(Record set Opens)
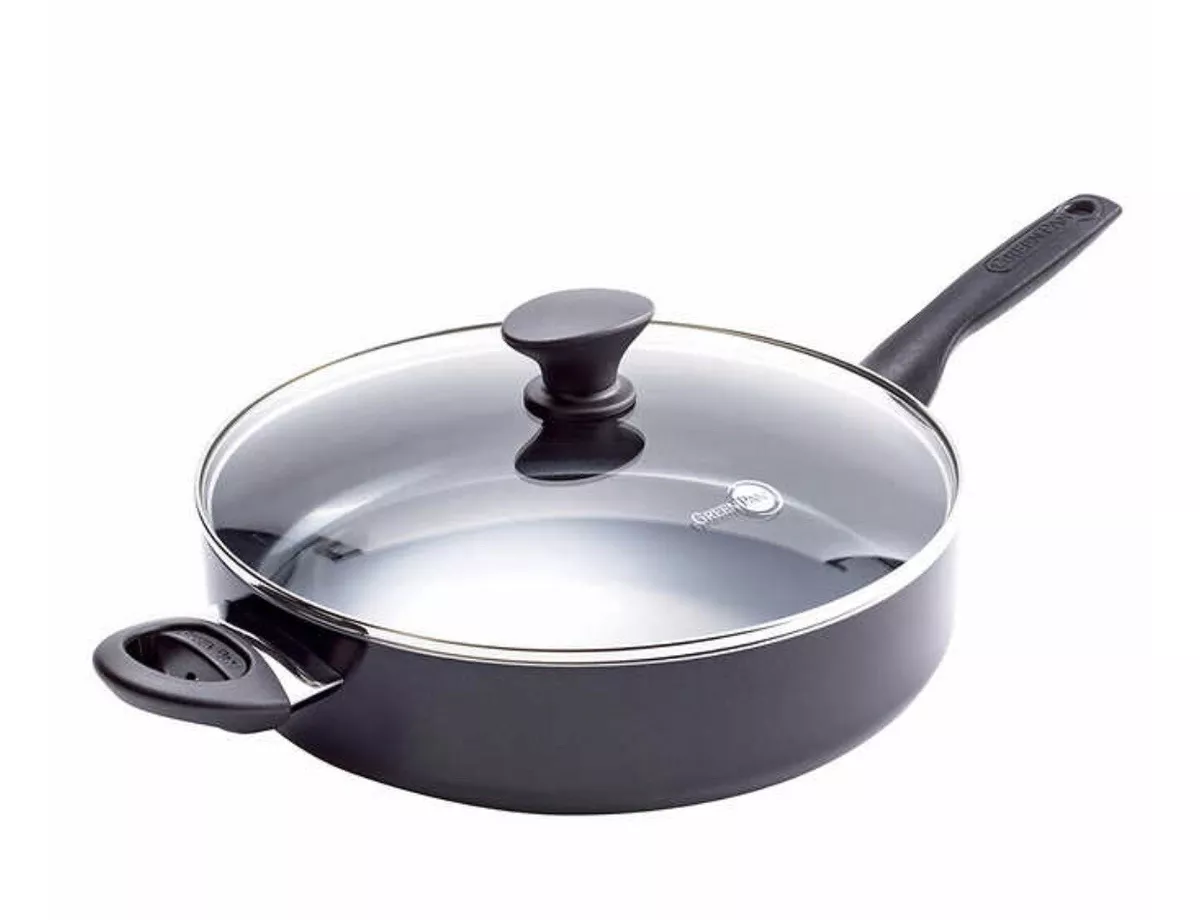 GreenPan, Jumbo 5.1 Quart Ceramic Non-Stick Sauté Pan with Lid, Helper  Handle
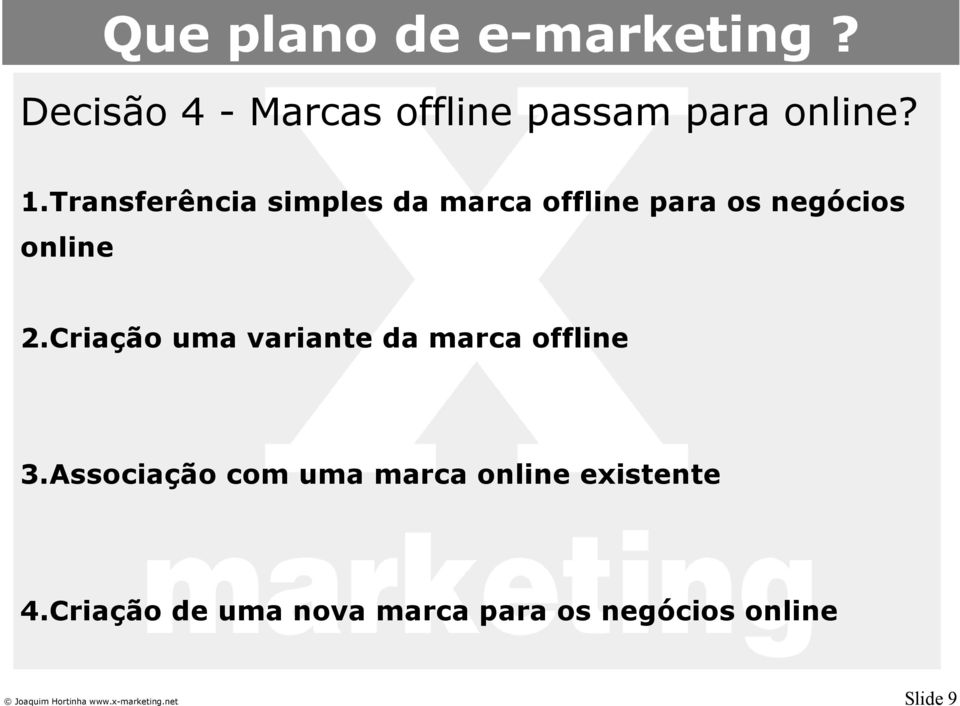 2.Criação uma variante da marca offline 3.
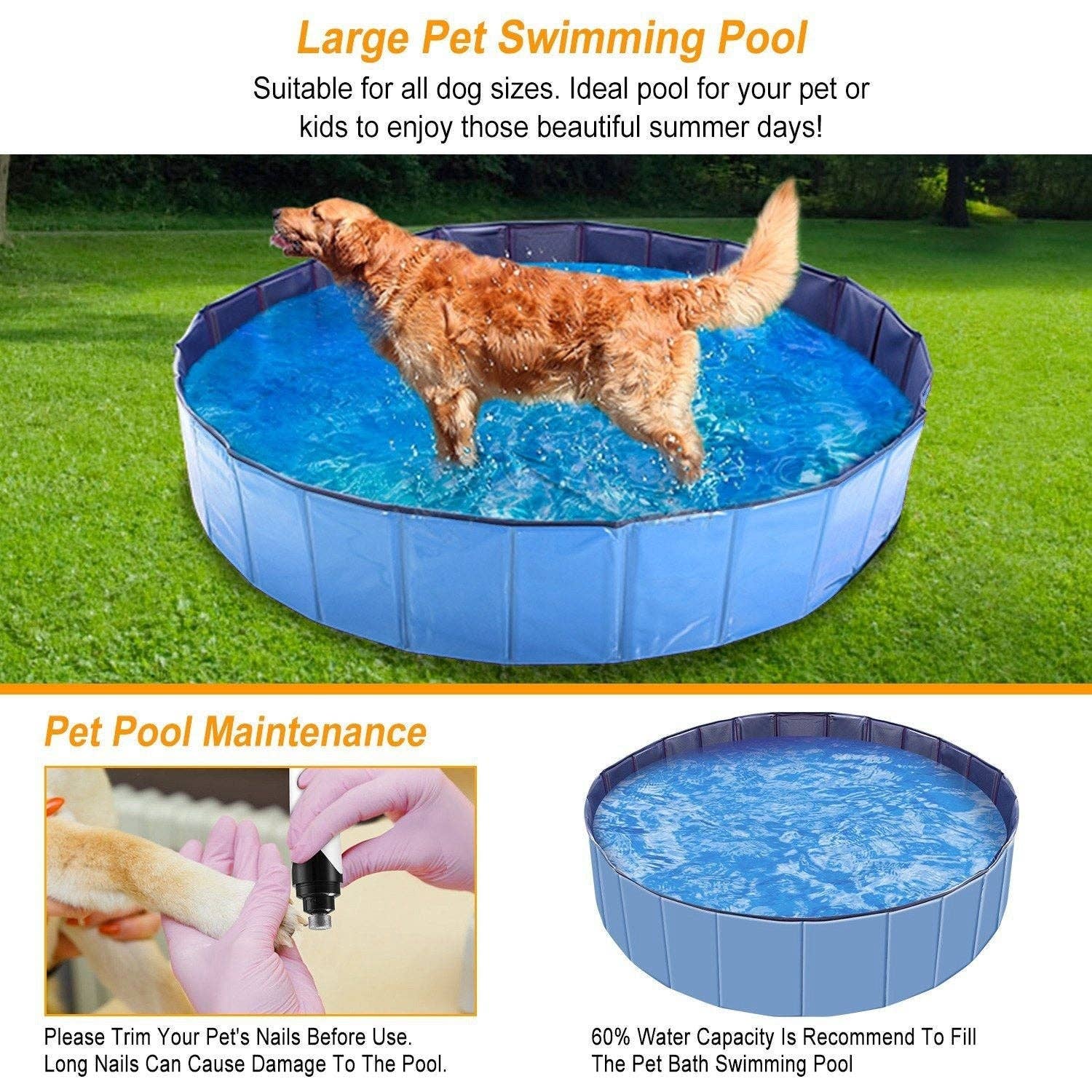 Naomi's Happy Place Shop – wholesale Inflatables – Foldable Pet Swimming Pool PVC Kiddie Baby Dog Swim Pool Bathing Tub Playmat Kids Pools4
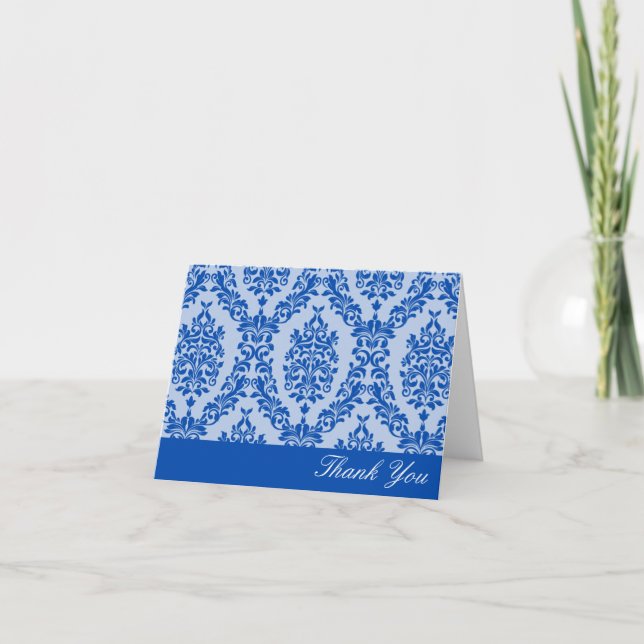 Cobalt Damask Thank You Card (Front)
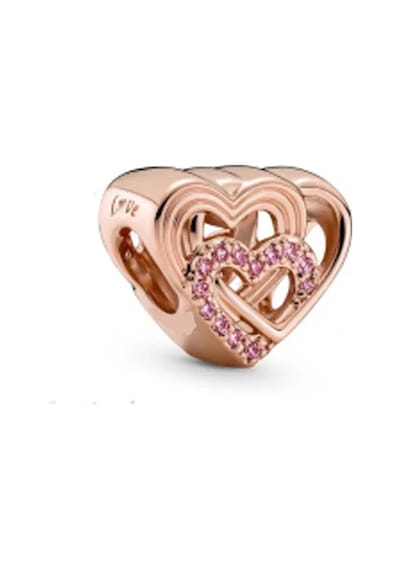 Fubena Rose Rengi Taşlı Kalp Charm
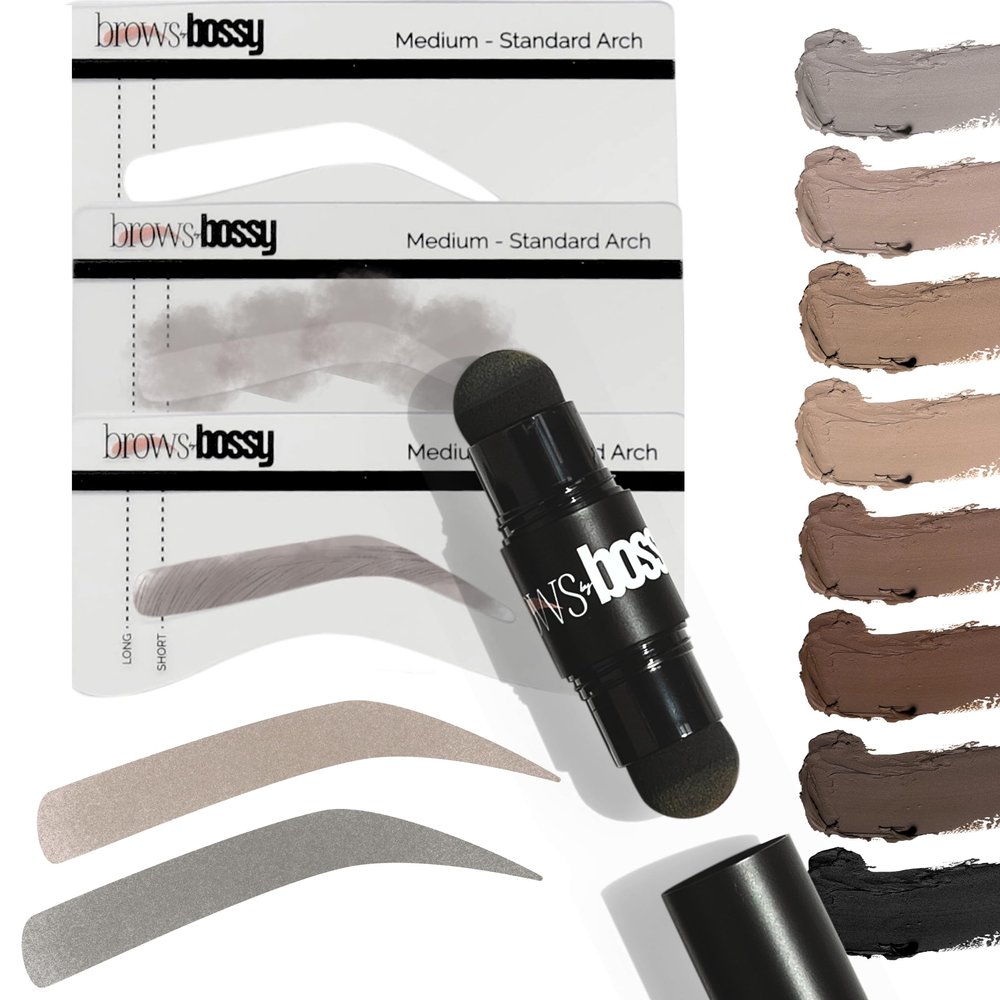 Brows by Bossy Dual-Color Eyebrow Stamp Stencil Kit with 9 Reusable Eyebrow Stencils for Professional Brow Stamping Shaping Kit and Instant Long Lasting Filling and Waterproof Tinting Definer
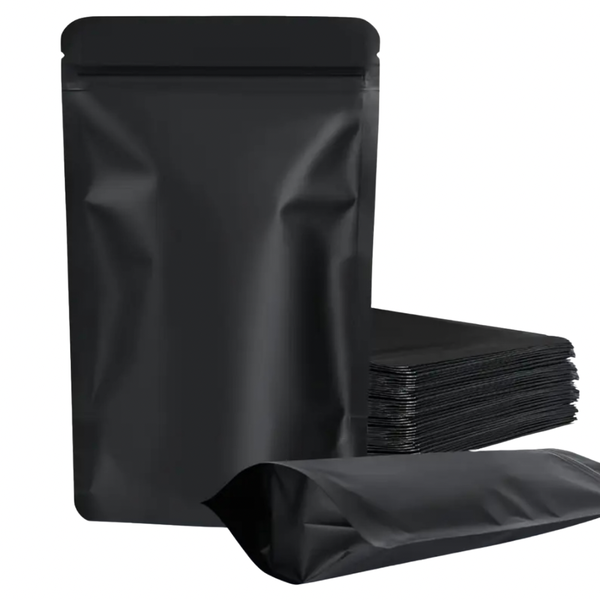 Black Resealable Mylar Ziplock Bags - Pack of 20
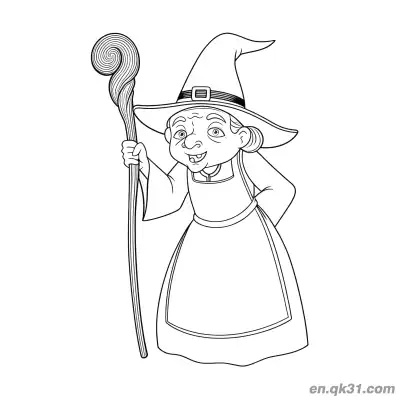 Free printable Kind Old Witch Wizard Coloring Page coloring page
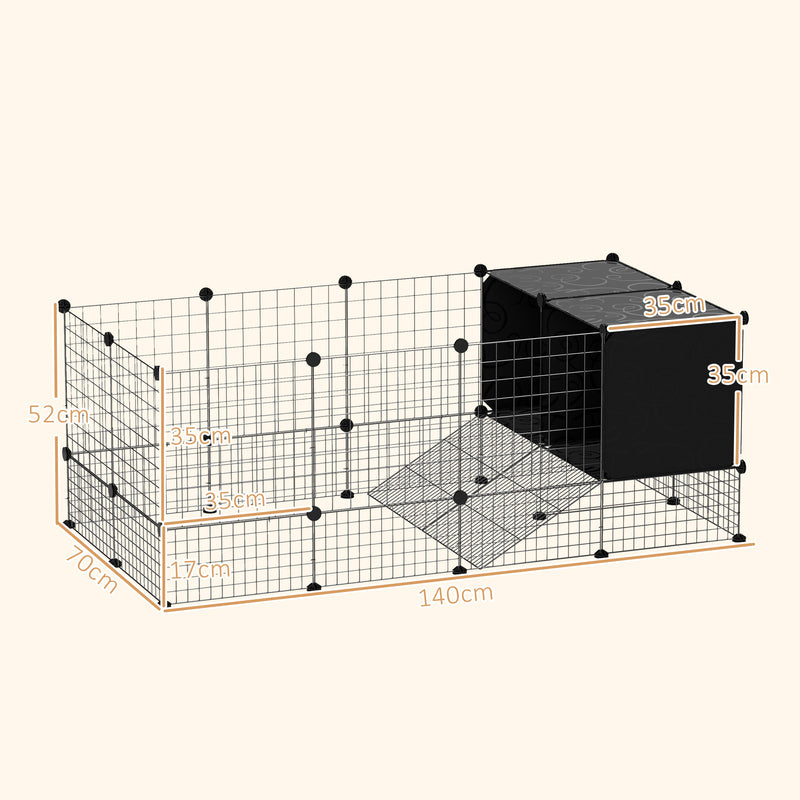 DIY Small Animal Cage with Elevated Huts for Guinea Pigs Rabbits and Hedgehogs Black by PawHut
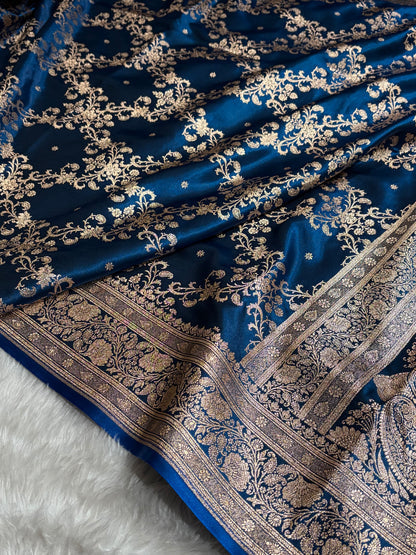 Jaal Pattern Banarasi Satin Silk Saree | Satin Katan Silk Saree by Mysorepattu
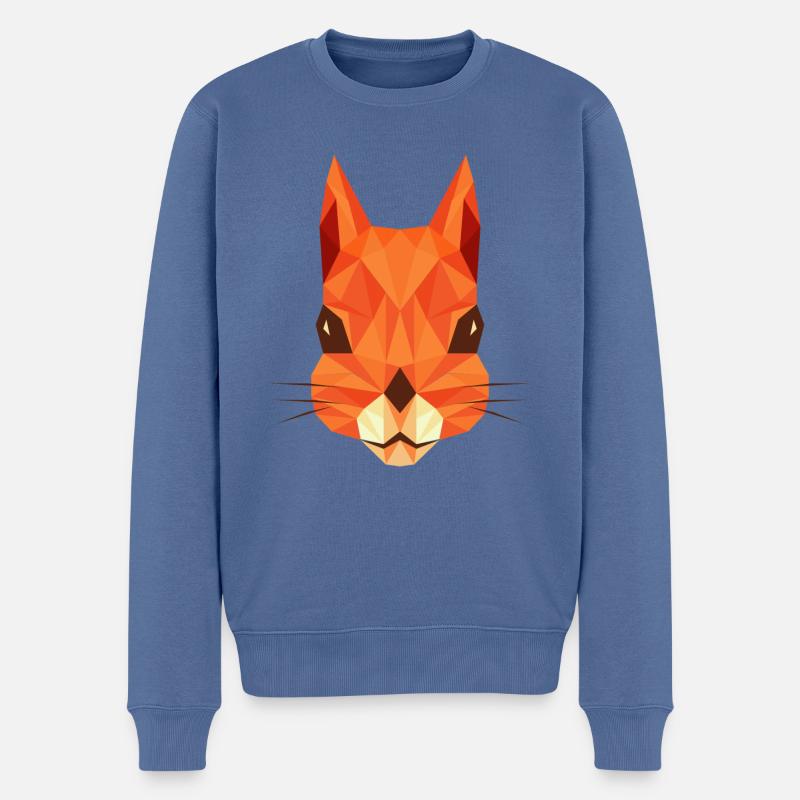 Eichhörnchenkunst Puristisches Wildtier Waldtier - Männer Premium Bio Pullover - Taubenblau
(Record set Closes)
Begin at the first line of the data above and repeat each line exactly, stopping after the line containing "Naomi's Happy Place". Omit the pictures.

 GreenPan, Jumbo 5.1 Quart Ceramic Non-Stick Sauté Pan with Lid, Helper  Handle
 2.Criação uma variante da marca offline 3.
 Naomi's Happy Place Shop – wholesale Inflatables – Foldable Pet Swimming Pool PVC Kiddie Baby Dog Swim Pool Bathing Tub Playmat Kids Pools4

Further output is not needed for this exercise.